The modern healthcare relies on big data analytics for integrating, organizing, and utilizing different pharmacological or clinical information. A hybrid approach to combine patient genomic data and electronic health record information is expanding as the future vision of healthcare. The omics data has become an emerging tool for diagnosis/clinical investigations of common and rare diseases and helps in clinical decision making (i.e., selecting the best possible treatments for patients). Genome-Wide Association Study (GWAS), also known as Whole Genome Association Study (WGAS), is a relatively new approach for identifying genes (i.e., loci associated with human traits) through rapid scanning of markers across whole DNA or genome [70]. GWAS has been applied also to cancer research for drug repositioning [71], prioritizing susceptible genes in Crohn's disease [72], and analyzing the human variants in the area of precision medicine [73]. As an example, the Michigan Genomics Initiatives (MGI) at the University of Michigan has developed an institutional based DNA and genetics repository combined with patient phenotype. The project aims to bring awareness to each patient/participant about the disease development and response to treatments for better health and wellness. The current studies at MGI include analgesics outcome study (AOS), understanding opioid use in chronic pain patients, a pivotal study on high-frequency nerve block for postamputation pain, Michigan body map (MBM), and positive piggy bag (https://www.michigangenomics.org/).

Clinical text mining faces the following specific challenges: (1) access to patient EHR requires permission from Institutional Review Board (IRB); (2) personal details of the patients should be deidentified; (3) mining approaches depend on the types of clinical documents (e.g., EHR, discharge summary, medical billing, and clinical narratives); (4) mining of dosage information, different types of formulations, and temporal information is demanded; and (5) spelling mistakes and grammatical errors are common in clinical text [69]. The state of the art for both biomedical literature mining and clinical text mining is still open with many challenges and requires more sophisticated and robust approaches.

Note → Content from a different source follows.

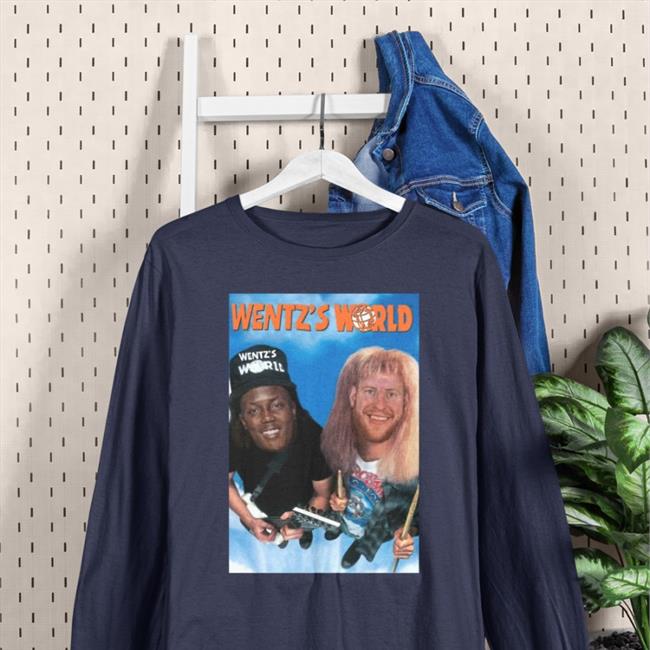 Wentz's World Tee Shirt Annie Agar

4. Role of Text Mining in Omics Study

Relationship between concepts of the same kind (e.g., gene-gene) or different kind (e.g., gene-disease) is commonly known as “event” [74]. The events are useful to identify many clinical facts such as disease onset and response to drug treatment. Overwhelming of biomedical articles from omics research has accumulated abundance of information and requires advanced event extraction systems to support the complexity of available information and coverage of varieties of biomedical subdomains [16]. Text mining approaches do not replace the manual curation of biomedical information but support speeding up the process by several-fold [75, 76]. In this section we describe the various text mining approaches developed for mining omics related information.

4.1. Genomics and Text Mining

In the current era of genomics, text mining plays an important role in mining gene-gene interactions [77, 78] and other gene involved interactions (e.g., gene-chemical, gene-disease) [79, 80] to support integrative analysis of gene expression [81, 82], pathway construction [83, 84], ontology development [85], and database annotation [62, 86, 87].

Genes encode proteins and proteins enroll in various biological functions by interacting with other proteins. This encoding process is defined in two steps: transcription (i.e., DNA to RNA) and translation (RNA to protein). Many cellular processes are regulated by microRNA through mRNA degradation and suppression of gene expression such that the protein synthesis is interrupted. This is the fundamental of genomics. In genomics, gene function is assessed from the involvement of genes/proteins in biochemical pathways. The functional genomics is a revolutionary area in text mining where the gene/protein mentions in the biomedical articles and their relationship are considered to be important. Furthermore, gene and protein names are highly complex and text mining has contributed to their recognition in the unstructured text [57, 58].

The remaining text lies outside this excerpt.